● Given records
········

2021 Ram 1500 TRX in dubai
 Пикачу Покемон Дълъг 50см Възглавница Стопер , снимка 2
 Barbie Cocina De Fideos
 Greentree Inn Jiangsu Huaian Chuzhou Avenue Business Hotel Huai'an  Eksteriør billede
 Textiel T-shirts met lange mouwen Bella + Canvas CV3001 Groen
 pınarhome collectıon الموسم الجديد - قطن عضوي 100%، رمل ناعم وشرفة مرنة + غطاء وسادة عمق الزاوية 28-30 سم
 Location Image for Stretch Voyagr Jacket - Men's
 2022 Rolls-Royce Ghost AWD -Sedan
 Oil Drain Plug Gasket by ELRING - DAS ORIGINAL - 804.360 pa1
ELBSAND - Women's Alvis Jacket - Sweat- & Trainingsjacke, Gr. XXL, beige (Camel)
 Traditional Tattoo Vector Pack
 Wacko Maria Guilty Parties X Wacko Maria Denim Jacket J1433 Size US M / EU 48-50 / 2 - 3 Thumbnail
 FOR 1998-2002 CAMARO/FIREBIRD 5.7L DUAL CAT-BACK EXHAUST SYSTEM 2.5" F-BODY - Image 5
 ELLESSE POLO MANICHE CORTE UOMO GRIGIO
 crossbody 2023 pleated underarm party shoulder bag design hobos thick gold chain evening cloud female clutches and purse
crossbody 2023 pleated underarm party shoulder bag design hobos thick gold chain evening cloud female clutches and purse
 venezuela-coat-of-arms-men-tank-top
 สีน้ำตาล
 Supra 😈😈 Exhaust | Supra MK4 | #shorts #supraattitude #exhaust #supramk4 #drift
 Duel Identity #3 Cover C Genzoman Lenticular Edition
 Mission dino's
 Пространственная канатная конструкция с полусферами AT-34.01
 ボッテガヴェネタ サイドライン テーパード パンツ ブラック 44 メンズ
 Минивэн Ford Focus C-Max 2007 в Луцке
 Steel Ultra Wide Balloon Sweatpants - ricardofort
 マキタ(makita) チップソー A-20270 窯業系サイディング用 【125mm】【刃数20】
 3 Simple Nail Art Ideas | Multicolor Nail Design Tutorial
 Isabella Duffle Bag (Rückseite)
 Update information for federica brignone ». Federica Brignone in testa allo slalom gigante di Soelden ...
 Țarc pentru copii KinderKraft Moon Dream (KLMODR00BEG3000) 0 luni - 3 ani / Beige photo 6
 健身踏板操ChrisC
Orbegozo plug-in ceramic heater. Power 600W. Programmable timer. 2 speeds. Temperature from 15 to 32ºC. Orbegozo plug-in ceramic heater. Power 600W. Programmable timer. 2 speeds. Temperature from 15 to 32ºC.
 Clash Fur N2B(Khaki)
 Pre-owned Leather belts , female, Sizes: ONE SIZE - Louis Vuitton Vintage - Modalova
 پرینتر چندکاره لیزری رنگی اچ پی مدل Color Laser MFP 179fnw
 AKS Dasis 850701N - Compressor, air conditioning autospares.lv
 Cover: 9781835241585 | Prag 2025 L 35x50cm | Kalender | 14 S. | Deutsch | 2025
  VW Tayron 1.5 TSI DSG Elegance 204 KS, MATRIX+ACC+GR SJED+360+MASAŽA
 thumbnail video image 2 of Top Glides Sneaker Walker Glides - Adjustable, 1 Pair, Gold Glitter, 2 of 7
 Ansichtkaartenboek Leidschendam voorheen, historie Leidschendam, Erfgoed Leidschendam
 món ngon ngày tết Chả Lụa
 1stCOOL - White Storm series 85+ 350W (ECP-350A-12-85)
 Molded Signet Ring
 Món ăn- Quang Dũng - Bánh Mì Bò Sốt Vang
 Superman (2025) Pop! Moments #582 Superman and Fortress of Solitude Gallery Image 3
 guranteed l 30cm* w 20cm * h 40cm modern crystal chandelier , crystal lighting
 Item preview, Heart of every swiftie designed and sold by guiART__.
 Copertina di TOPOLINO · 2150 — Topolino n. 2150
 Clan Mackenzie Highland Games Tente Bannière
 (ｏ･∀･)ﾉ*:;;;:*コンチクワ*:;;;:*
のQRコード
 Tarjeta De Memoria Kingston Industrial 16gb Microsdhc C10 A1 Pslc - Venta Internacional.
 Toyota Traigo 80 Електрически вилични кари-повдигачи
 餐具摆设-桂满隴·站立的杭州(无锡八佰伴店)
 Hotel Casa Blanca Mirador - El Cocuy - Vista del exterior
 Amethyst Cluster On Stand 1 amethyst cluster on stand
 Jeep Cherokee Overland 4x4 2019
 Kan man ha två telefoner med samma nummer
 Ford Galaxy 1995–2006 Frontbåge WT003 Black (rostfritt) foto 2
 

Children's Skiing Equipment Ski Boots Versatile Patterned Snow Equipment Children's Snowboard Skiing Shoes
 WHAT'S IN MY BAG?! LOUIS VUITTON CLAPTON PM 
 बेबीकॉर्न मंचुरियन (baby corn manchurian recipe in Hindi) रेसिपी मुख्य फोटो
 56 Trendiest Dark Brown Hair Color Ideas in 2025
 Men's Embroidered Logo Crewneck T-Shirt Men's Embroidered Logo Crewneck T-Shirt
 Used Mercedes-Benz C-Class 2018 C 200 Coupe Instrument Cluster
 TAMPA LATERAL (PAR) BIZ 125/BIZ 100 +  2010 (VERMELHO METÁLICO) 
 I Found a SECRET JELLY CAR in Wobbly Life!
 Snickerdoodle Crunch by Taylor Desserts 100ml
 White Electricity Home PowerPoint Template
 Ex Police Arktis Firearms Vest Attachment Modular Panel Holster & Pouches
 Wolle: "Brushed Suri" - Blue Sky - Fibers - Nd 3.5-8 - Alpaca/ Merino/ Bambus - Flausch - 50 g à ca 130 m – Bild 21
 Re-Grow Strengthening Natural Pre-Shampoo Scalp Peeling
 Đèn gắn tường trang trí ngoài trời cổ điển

········

● Your assignment
Lines from the top of the data above through the line with "ボッテガヴェネタ サイドライン テーパード パンツ ブラック 44 メンズ", both ends included: copy them exactly, nothing more.

● Response
2021 Ram 1500 TRX in dubai
 Пикачу Покемон Дълъг 50см Възглавница Стопер , снимка 2
 Barbie Cocina De Fideos
 Greentree Inn Jiangsu Huaian Chuzhou Avenue Business Hotel Huai'an  Eksteriør billede
 Textiel T-shirts met lange mouwen Bella + Canvas CV3001 Groen
 pınarhome collectıon الموسم الجديد - قطن عضوي 100%، رمل ناعم وشرفة مرنة + غطاء وسادة عمق الزاوية 28-30 سم
 Location Image for Stretch Voyagr Jacket - Men's
 2022 Rolls-Royce Ghost AWD -Sedan
 Oil Drain Plug Gasket by ELRING - DAS ORIGINAL - 804.360 pa1
ELBSAND - Women's Alvis Jacket - Sweat- & Trainingsjacke, Gr. XXL, beige (Camel)
 Traditional Tattoo Vector Pack
 Wacko Maria Guilty Parties X Wacko Maria Denim Jacket J1433 Size US M / EU 48-50 / 2 - 3 Thumbnail
 FOR 1998-2002 CAMARO/FIREBIRD 5.7L DUAL CAT-BACK EXHAUST SYSTEM 2.5" F-BODY - Image 5
 ELLESSE POLO MANICHE CORTE UOMO GRIGIO
 crossbody 2023 pleated underarm party shoulder bag design hobos thick gold chain evening cloud female clutches and purse
crossbody 2023 pleated underarm party shoulder bag design hobos thick gold chain evening cloud female clutches and purse
 venezuela-coat-of-arms-men-tank-top
 สีน้ำตาล
 Supra 😈😈 Exhaust | Supra MK4 | #shorts #supraattitude #exhaust #supramk4 #drift
 Duel Identity #3 Cover C Genzoman Lenticular Edition
 Mission dino's
 Пространственная канатная конструкция с полусферами AT-34.01
 ボッテガヴェネタ サイドライン テーパード パンツ ブラック 44 メンズ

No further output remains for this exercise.